Colligative Properties

• Colligative properties are properties of solutions that depend on the concentration of solute particles, but not on the nature of the solute.
• Important colligative properties include:
  • Vapor pressure lowering: The vapor pressure of a solution is lower than that of the pure solvent.
  • Boiling point elevation: The boiling point of a solution is higher than that of the pure solvent.
  • Freezing point depression: The freezing point of a solution is lower than that of the pure solvent.
  • Osmotic pressure: The pressure required to prevent the flow of solvent across a semipermeable membrane.
• These properties are described by equations that relate the change in the property to the molality of the solute and the van't Hoff factor (i).
  • van't Hoff factor (i) accounts for the number of particles a solute dissociates into in solution (e.g., NaCl dissociates into two ions, Na+ and Cl-, so i ≈ 2). For non-electrolytes, i = 1.

Deviation from Ideal Behavior

• Ideal solutions follow Raoult's Law perfectly.
• Raoult's Law: The vapor pressure of each component of an ideal solution is proportional to the mole fraction of that component in the solution.
• Real solutions may deviate from ideal behavior due to:
  • Solute-solvent interactions: If the solute-solvent interactions are stronger or weaker than the solute-solute and solvent-solvent interactions, deviations occur.
  • Non-ideal behavior is more pronounced at higher solute concentrations.
• Positive deviations: Vapor pressure is higher than predicted by Raoult's Law (weaker solute-solvent interactions).
• Negative deviations: Vapor pressure is lower than predicted by Raoult's Law (stronger solute-solvent interactions).
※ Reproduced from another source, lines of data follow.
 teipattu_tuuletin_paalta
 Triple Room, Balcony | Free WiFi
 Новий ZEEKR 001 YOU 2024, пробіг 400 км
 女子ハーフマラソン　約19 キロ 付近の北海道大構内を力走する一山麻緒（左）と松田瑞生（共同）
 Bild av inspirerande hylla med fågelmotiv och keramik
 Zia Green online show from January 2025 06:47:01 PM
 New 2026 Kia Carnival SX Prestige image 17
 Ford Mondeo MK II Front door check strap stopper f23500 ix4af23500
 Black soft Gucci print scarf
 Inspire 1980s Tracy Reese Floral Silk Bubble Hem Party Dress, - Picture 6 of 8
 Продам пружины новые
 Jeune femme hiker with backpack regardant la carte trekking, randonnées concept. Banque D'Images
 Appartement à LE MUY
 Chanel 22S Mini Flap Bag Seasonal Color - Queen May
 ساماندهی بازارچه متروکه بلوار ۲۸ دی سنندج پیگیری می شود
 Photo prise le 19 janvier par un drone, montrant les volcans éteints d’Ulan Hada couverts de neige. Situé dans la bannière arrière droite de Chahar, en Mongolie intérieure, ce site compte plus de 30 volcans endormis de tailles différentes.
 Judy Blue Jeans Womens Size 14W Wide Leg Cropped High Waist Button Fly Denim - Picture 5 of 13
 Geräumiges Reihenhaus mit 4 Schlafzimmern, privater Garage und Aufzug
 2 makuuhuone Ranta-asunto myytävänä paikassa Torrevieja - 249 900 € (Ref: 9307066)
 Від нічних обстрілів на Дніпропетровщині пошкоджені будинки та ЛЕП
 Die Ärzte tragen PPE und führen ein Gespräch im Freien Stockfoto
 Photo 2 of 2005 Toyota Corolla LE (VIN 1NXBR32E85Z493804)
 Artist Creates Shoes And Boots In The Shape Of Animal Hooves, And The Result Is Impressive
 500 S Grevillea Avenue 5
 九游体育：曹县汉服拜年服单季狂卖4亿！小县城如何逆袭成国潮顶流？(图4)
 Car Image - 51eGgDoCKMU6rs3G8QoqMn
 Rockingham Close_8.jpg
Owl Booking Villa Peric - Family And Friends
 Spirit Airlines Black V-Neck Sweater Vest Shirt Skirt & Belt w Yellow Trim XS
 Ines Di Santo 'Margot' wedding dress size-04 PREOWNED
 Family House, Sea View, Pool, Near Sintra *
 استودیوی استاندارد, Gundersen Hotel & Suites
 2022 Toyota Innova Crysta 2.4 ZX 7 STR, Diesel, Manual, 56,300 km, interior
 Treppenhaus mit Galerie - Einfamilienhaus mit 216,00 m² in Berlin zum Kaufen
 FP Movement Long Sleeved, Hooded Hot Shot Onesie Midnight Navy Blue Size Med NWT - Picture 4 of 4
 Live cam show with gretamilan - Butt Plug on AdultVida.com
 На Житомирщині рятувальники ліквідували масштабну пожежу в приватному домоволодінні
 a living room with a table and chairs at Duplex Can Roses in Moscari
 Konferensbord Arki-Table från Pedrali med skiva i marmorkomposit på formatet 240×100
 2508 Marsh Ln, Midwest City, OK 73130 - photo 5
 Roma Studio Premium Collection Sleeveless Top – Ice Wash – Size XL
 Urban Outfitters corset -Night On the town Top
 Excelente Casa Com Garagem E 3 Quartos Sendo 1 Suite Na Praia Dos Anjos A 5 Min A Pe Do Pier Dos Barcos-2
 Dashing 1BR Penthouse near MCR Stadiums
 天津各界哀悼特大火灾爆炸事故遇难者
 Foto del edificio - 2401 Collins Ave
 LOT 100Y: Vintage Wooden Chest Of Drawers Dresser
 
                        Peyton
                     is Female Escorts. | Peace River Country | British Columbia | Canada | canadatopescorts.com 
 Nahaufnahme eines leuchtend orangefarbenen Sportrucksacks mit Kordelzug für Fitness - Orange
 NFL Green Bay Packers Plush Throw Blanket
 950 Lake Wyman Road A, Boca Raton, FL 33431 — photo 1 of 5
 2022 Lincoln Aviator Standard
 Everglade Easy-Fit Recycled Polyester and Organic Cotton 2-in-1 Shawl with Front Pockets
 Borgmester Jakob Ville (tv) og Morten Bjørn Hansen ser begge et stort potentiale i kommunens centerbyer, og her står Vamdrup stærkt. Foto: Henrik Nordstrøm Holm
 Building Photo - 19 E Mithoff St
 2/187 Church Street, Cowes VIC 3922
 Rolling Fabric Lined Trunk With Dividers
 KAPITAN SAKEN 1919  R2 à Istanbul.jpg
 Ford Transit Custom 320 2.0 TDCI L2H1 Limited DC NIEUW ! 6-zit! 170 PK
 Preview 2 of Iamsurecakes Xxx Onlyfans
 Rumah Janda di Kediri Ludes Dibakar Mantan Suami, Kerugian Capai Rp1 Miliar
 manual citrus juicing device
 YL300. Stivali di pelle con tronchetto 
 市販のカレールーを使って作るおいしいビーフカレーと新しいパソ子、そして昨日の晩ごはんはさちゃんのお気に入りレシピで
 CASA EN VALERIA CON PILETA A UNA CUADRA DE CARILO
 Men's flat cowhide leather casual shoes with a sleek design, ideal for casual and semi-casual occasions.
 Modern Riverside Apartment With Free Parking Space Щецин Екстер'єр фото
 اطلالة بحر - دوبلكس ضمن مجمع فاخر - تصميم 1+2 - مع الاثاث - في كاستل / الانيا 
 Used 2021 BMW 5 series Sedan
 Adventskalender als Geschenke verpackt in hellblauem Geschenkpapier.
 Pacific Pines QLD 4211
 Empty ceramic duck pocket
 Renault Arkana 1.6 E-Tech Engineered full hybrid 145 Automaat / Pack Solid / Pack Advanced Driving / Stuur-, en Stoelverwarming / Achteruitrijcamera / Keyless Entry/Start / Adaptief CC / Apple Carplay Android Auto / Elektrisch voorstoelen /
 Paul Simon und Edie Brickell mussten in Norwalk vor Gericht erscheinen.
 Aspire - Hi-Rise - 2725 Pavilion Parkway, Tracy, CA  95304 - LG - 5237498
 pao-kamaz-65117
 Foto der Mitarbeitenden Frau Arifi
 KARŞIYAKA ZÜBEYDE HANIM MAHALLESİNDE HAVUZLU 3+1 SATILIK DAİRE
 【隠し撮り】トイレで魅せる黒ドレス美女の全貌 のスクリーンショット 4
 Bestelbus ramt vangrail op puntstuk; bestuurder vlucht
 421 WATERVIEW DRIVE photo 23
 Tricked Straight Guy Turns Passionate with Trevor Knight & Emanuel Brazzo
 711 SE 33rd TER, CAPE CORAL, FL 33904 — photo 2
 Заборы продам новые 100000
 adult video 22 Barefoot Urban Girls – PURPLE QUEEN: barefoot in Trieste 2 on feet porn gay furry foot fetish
Electrolytes and Nonelectrolytes

• Electrolytes: Substances that dissociate into ions when dissolved in water and conduct electricity.
  • Strong electrolytes: Dissociate completely (e.g., strong acids, strong bases, soluble salts).
  • Weak electrolytes: Dissociate partially (e.g., weak acids, weak bases).
• Nonelectrolytes: Substances that do not dissociate into ions when dissolved in water and do not conduct electricity (e.g., sugar, ethanol).

Applications of Solutions

• Chemical reactions: Many chemical reactions occur in solution.
• Biological systems: Solutions are essential for life processes (e.g., blood is a solution).
• Industrial processes: Solutions are used in many industrial processes, such as manufacturing, pharmaceuticals, and food production.
• Environmental science: Solutions are important in understanding environmental processes, such as water pollution and acid rain.

Purification Techniques

• Distillation: Separates liquids based on boiling points.
• Crystallization: Separates solids based on solubility.
• Chromatography: Separates components based on their different affinities for a stationary phase.
• Filtration: Separates solids from liquids.